Espejo fiel del humano es el perro, lástima que el hombre no sea el espejo del animal. En mi vecindario qué de similitudes y semejanzas puedo advertir entre el hombre y el perro, o al revés. Por cuanto a las varias clases de canes…
Existen los de las regiones nevadas, animales que nacieron con un perro destino: para allá y para acá jalar el trineo, con el chicote en los lomos y tan bien trabajados como mal comidos. ¿A quién se parecen tales pobrines, si no al obrero de este país? El asalariado (pobreza, privaciones) jalando el trineo que enriquece hasta la náusea a los Slim, el chicotazo salarial en los lomos y a trabajar desde la mañana hasta la muerte del día y hasta el día de la muerte. Y cómo remediar su situación, si el perraco no tiene el don de pensar, y el obrero renuncia a ese don y se constriñe al reclamo, la exigencia y la toma de la vía pública…

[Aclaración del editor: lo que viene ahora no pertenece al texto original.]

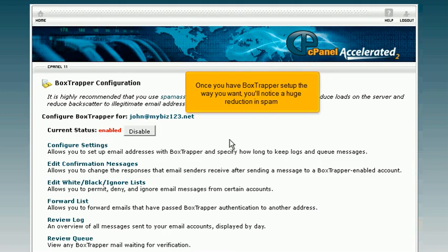Once you have Box Trapper set up the way you want, you'll notice a huge reduction in spam.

El benemérito San Bernardo. Grande, grave, pacífico, servicial, misericordioso. Deambula por el mundo del desastre y la desolación con su barril de vida al cuello para entibiar esa vida que se congela en las nieves. Valedor de desvalidos como el humanista, el luchador social, el artista que entrega su arte, sin más; como el doctorcito que cura nomás por curar, no el que cura nomás por cobrar. El San Bernardo…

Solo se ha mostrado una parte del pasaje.